A - Abbreviation - See AMP (AMPERE)
A ARM - A suspension arm that resembles the letter 'A', being widest at the mounting location on the chassis and narrowest where the hub is mounted. An A arm is usually used on models that use pillow ball hub carriers (knuckles), requiring an upper and lower arm. This may also be referred to as a "double wishbone suspension". If your 'A' arm resembles a 'Z', it may be time to replace it.
A MAIN - The final race in any given class, consisting of the best of the best as determined by previous mains or qualifiers. Winning the A Main puts you on the podium.
ABC - Abbreviation - See ALUMINUM BRASS CHROME
ABDC - Abbreviation - See AFTER BOTTOM DEAD CENTER
ABN - Abbreviation - See ALUMINUM BRASS NICKEL
AC - Abbreviation - See ALTERNATE CURRENT
ACKERMAN - ACKERMAN ANGLE - Patented in the 1800's by wagon maker Rudolf Ackerman. Ackerman angle refers to the steering geometry that allows the inside front wheel to turn progressively sharper than the outside front wheel. This helps to eliminate the speed scrubbing effect of the outside wheel having to follow a larger turning radius than the inside wheel. Ackerman involves toe and steering block angle, and mostly affects steering response. If you draw an imaginary line from the steering hub pivot point through the point where the steering link attaches to the steering block, the point where the left and right side lines intersect determines the ackerman angle - this intersection is either in front of the rear axle or diff center (more ackerman), centered on the rear axle or diff center (true or zero ackerman), or behind the rear axle or diff center (less ackerman). Ackerman angle is adjusted by moving the steering link mounting position on the steering block in or out - if available. In effect, more ackerman = a more progressive steering response, while less ackerman = faster steering response. The following represents ackerman settings:
- TRUE ACKERMAN - With zero toe, the inside tire and outside tire follow the correct radius during turns. The toe setting remains unchanged throughout the range of motion of the steering tires.
- LESS ACKERMAN - This setting increases steering response, which may cause the model to feel 'twitchy'. Less ackerman is usually only used with on-road models or off-road models that run on high traction surfaces, such as blue groove tracks. With toe out, the outside tire will be toe out during turns. With toe in, the inside tire will be toe in during turns.
- MORE ACKERMAN - During turns, the inside tire will turn progressively sharper than the outside tire. This may cause the model to pull into the inside lane, but creates a smooth steering response that is good for tight and twisty tracks. With toe out, the inside tire will be toe out during turns. With toe in, the outside tire will be toe in during turns.

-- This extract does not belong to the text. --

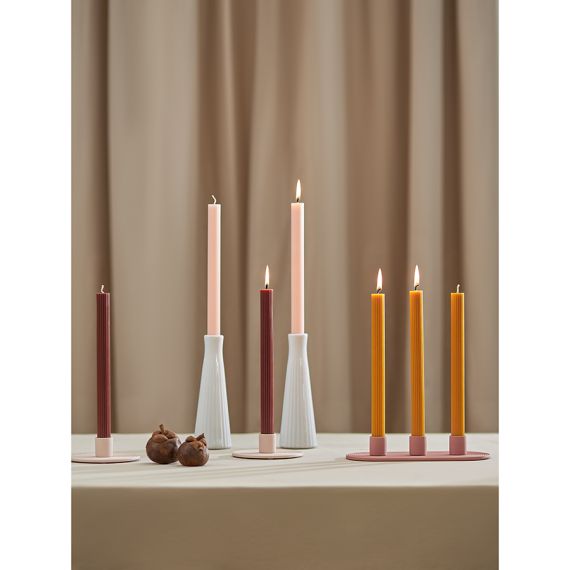 Набор из двух свечей коричневого цвета из коллекции Edge, 24,5 см, Tkano, изображение 3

ACKERMAN LINK - DRAG BAR - DRAG LINK - STEERING PLATE - The plate connecting the bellcranks in a dual bellcrank steering assembly. This plate usually has a series of holes (mounting locations) available to alter the ackerman angle.

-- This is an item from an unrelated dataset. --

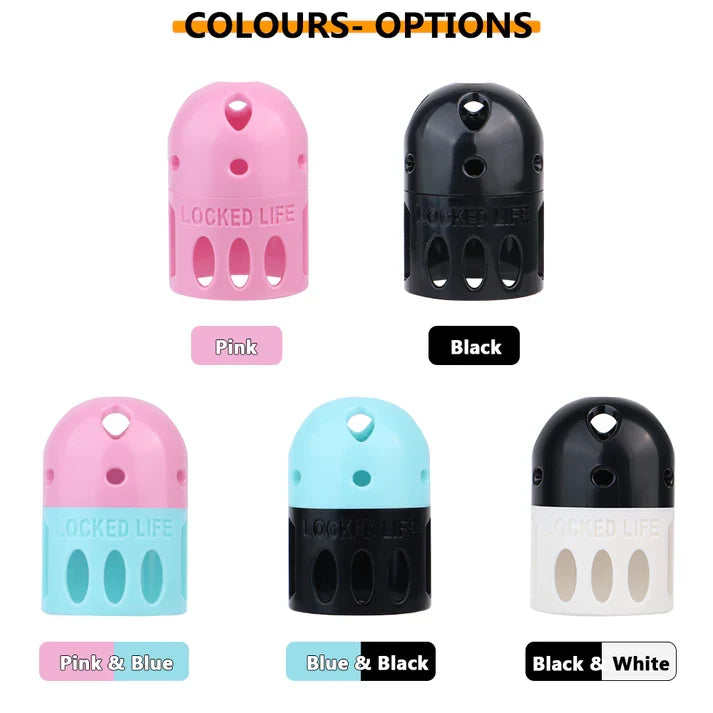 Ringless Male Chastity Cage – Coronal Sulcus Lock Design | Clasp-Free Chastity Cage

ADJACENT CHANNEL REJECTION - Refers to the ability of a receiver to "ignore" (reject) signals broadcast on a level above or below it's current channel of operation.

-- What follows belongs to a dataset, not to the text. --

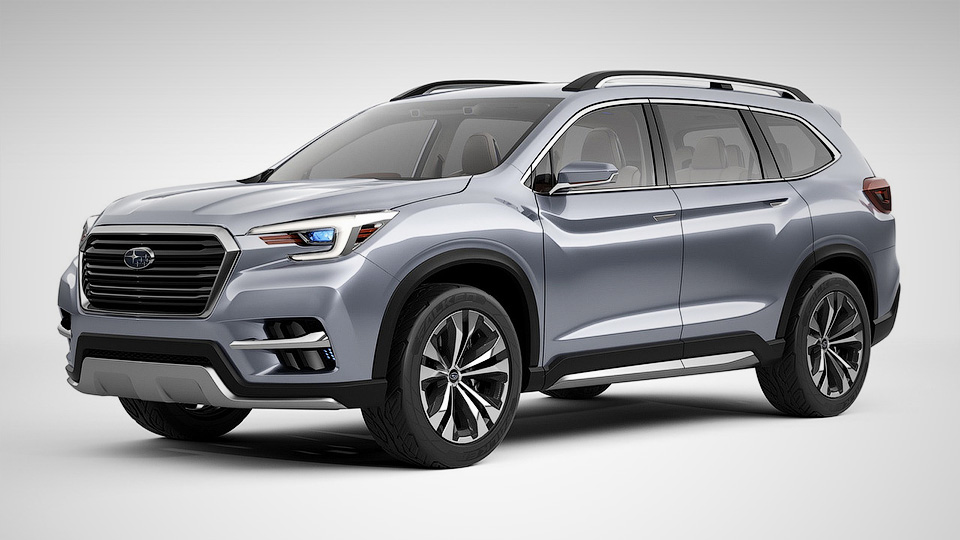 Subaru приблизила к серии новый большой кроссовер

ADJUSTABLE TRAVEL VOLUME - See END POINT ADJUSTMENT
ADVANCE TIMING (ELECTRIC MOTOR) - See TIMING (MOTOR)
AFTER BOTTOM DEAD CENTER - ABDC - An engine timing term commonly used to pinpoint the timing marks where a port opens or closes, expressed in degrees of crankshaft rotation from the point where the piston is at bottom dead center.
AFTER RUN OIL - This is oil that is placed in the combustion chamber and carb of a nitro engine after the day's run. The oil is formulated to displace moisture, prevent corrosion, and help provide lubrication during the next initial start up. Many people use WD-40 in place of after run oil.
AFTER TOP DEAD CENTER - ATDC - An engine timing term commonly used to pinpoint the timing marks where a port opens or closes, expressed in degrees of crankshaft rotation from the point where the piston is at top dead center.
AIR FILTER - An element that is used to clean dirt and debris out of the air before it reaches the carb of a nitro engine. Filters are usually made of a foam or woven paper material, and may include a screen mesh pre filter. Air filters are connected directly to the carb with a filter neck. Most filters can be cleaned and re used, and foam filters require filter oil to work effectively. Always keep your filter clean - nothing robs an engine of power faster than a dirty filter.
AIR FILTER OIL - An oil that is applied to foam filter of a nitro engine to trap fine particles of dust and dirt that the filter can't. To properly 'oil' a filter, thoroughly clean it with soapy water or nitro fuel, let it dry, then knead the oil into it until it is fully saturated, but not wet (placing the filter and oil in a zip lock bag during this process helps). Note that paper element air filters and foam pre filters do not need oiled.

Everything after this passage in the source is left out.